Why is a country with the most PhDs per capita so worried about changing its schools?
Just look at the faces of South Korea's high school seniors tomorrow, when they receive the make-or-break results of their university entrance exams. With future career paths on the line, the pressure - from both family and society - to get high scores is enormous. Students devote every waking hour, and thousands of dollars, learning the right-and-wrong answers for a multiple-choice world of testing.
But some of the country's world-class corporations who hire these graduates say such uncreative thinkers are ill-suited for today's fast-paced economy. Innovation, not conformity, is required.
"If Korean education doesn't foster creative and critical thinking, the future of Korea may not be a bright one," says Chung Bom-mo, a former president of Hallym University.

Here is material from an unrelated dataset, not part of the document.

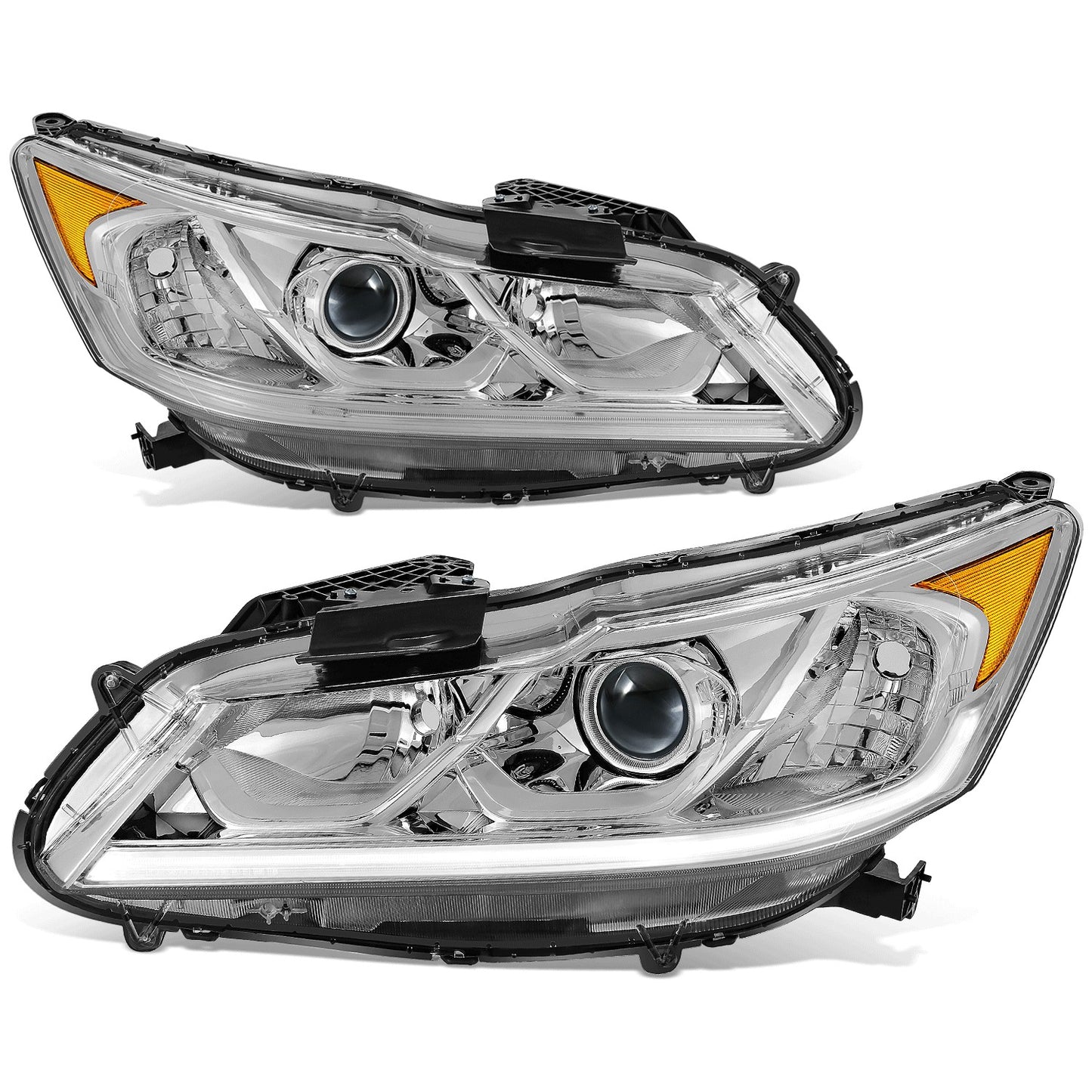 FAROS 16-17 HONDA ACCORD SEDAN - FITS EX, EX-L, SE SPORT MODELS WITH HALOGEN HEADLIGHTS & LED DRL - PROJECTOR - H11 LOW / 9005 HIGH / 7444NA SIGNAL - CHROME HOUSING / AMBER CORNER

Realizing this, the government of President Kim Young Sam has ordered a commission to come up with a slew of education reforms that would change the way young Koreans learn.
But as the details are being worked out, parents and students are leaving little to chance under the old system. According to the Ministry of Education, 20 to 30 percent of private income - around $1,200 a month per child - is spent on private tutoring.
In the months leading up to the test, families with high school seniors walk lightly around the apartment and don't flush the toilet too much. Students avoid breaking eggs (an omen of failure) or eating slippery foods like seaweed, lest their grades slip.
Tutors and cram schools make an already grueling day longer. High school begins around 7:30 a.m., and after eight hours of classes, mandatory "free study" sessions can last until midnight. "For four months I studied until 2 a.m. and woke up at 6 a.m.," says Bang Joon, a senior who took the test Nov. 13. "It's very hard, but at university we [will] only study 10 hours a week. My parents said, 'When you get to university, you can play.' "
Currently, students take 23 subjects in high school, and many complain, like Shin Dong-il, now safely at Yonsei University, that "in high school they want us to be a superman in every field."
Lost in the stress of these endless exam preparations is education itself, critics say. While the exam that students spend years preparing for has only right and wrong answers, life is more complex. Mr. Chung, the former university president, says the system is ineffective because it doesn't create well-rounded people. Endless study sessions "lead to the negligence of all other aspects of education," like civic, moral, and emotional facets, he says.
The government hopes reforms will allow students to focus on their personal talents rather than just cramming facts. After 1997, students will be free to submit grades from only the areas they are interested in, plus a "comprehensive personal record" that includes character and leadership achievements along with scholastic aptitude.
BY encouraging specialization, perhaps not everyone will be so fixated by the big standardized exam - and the question of its fairness. To ensure the most pristine test-taking conditions on the hallowed day last month, business hours were delayed an hour to clear roads for students, buses and trains moved slowly near testing areas, and during the listening comprehension section, airplanes didn't take off or land.
To ensure secrecy of what was in the test, the 175 teachers commissioned to write it were confined to a hotel for a month with the first-floor windows papered over and barbed wire strung around the base.
South Korea's education system hasn't always been like this. When it was first designed in the 1960s - a period when the country was beginning to industrialize - the government needed to educate and train as many people as quickly as possible to "staff the rapidly expanding needs of government agencies and private firms," say Lho Kyung-soo, a professor at Seoul National University.
"It wasn't a system designed to conduct deep philosophical inquiries or cutting-edge research, or for that matter produce Nobel prizewinners," says Mr. Lho.
Although South Korea now has more than 160 universities and plans to boost education spending to 5 percent of GNP by 1998, a presidential commission report on education acknowledges, "It is a mere fantasy to expect Korean society to produce a prodigious scientist like Newton, a gifted artist like Picasso, a prominent inventor like Edison ... under the present system."
The biggest challenge to reform may be convincing parents that a variety of career paths can lead to a good life. Today's fixation with entering a few top schools is partly rooted in the tradition of state civil service exams administered for centuries here and in China as the only way to climb to a higher social class.
Korean parents are interested in "the name value of the universities, not the quality of the education, and just regard education as a path to social success and status," says Sung Bin-ko, a research fellow.
Park Jeong-min, a young mother who lives in one of Seoul's many high-rise apartment complexes, echoes more liberal views.
"Most people want their kids to go to Seoul National or Ewha University, but if they have some talent to pursue, I want my children to go where they want," she says.